Poor Response to Acute Migraine Treatment May Lead to Headache Progression

VBCN - July 2016 Volume 3, No 2 - Migraine Update
Chase Doyle

When it comes to migraine, the initial choice of therapy could mean the difference between episodic and chronic disease, according to a secondary analysis of the longitudinal migraine study American Migraine Prevalence and Prevention (AMPP), presented at the 2016 American Academy of Neurology annual meeting.

The results showed that poor response to treatment is associated with a 3-fold increase in the risk for disease progression from episodic migraine to chronic migraine, said Richard B. Lipton, MD, Director of the Montefiore Headache Center, Bronx, NY, who presented the study. A better understanding of the remediable risk factors for migraine progression may help to reduce the risk for progression, Dr Lipton said.

“Episodic migraine is sometimes a progressive disease, and we have found that poor treatment optimization is a risk factor for progression,” he said.

“In other words, if people take acute treatments and don't get better, that may be associated with more pain, more allodynia, and headache progression,” Dr Lipton added.

The AMPP epidemiologic study included >8000 patients with episodic migraines who were followed from 2005 to 2009. The 1-year results showed that 83% of patients with episodic migraines in 2005 continued to have them in 2006. However, 2.5% of the patients had episodic migraines that progressed to chronic migraines (defined as a headache on ≥15 days monthly).

Although the risk factors for migraine progression may be related to headache, including attack frequency and allodynia, progression is also related to comorbidities, particularly depression, anxiety, and pain disorders, said Dr Lipton.

“Progression is related to a series of exogenous factors, and given that chronic migraine demonstrably aggregates within families, there may be a genetic foundation for pain progression, as well,” he said.

Treatment-Related Risk Factors

The key is to discover what these risk factors may have in common, said Dr Lipton. It is possible that they all converge to act on a single or a series of common pathways.
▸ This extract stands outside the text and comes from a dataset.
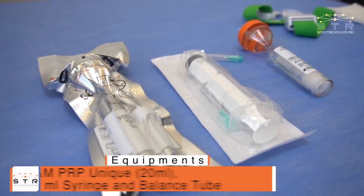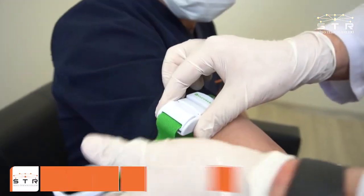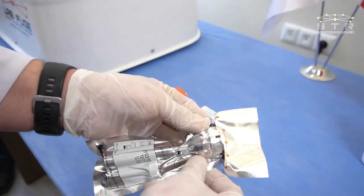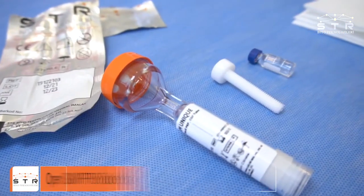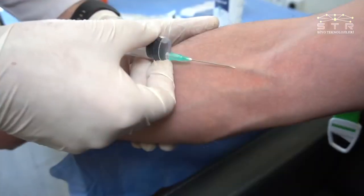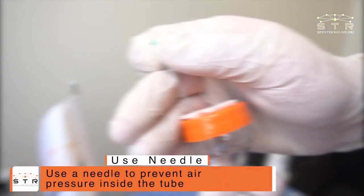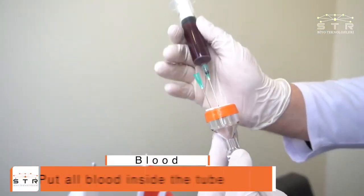S&M PRP unique 20 milliliters syringe and balance tube. Blood sampling taken until the 18 milliliters line. Take sodium citrate 1.5 milliliters into the syringe. Use a needle to prevent air pressure inside the tube and put all blood inside the tube.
Dr Lipton and colleagues theorized that poor response to the treatment of migraine attacks and medication overuse may be associated with the prolonged or intense activation of the ­trigeminovascular system. Because migraine progression was also associated with treatment-related factors, they referred back to the AMPP data.

“We looked at how well people responded to acute treatment using the validated questionnaire, and we showed that in the group with an optimal response to acute treatment, 1.9% progressed from episodic to chronic migraine over the course of the year. In the group that had the worst response to acute treatment, however, nearly 7% progressed,” said Dr Lipton.

After adjusting for headache frequency, headache-related disability, and symptom severity, the researchers found that poor response to treatment was associated with a 3-fold increase in risk for migraine progression.

“This provides at least some support for our hypothesis that prolonged activation [of the trigeminovascular system] may be associated with increased risk of headache,” said Dr Lipton, who emphasized that many of the risk factors uncovered in the study are also remediable.

The use of opioids and barbiturates, for example, not only is a remediable risk factor for migraine progression but also is an iatrogenic risk factor, he explained.

“In headache medicine, we are perhaps where our stroke colleagues were decades ago: we've identified a series of risk factors that allow us to identify a poor prognosis subgroup, but we've not yet conducted intervention studies to see if we can modify the natural progressive history of migraine,” Dr Lipton concluded.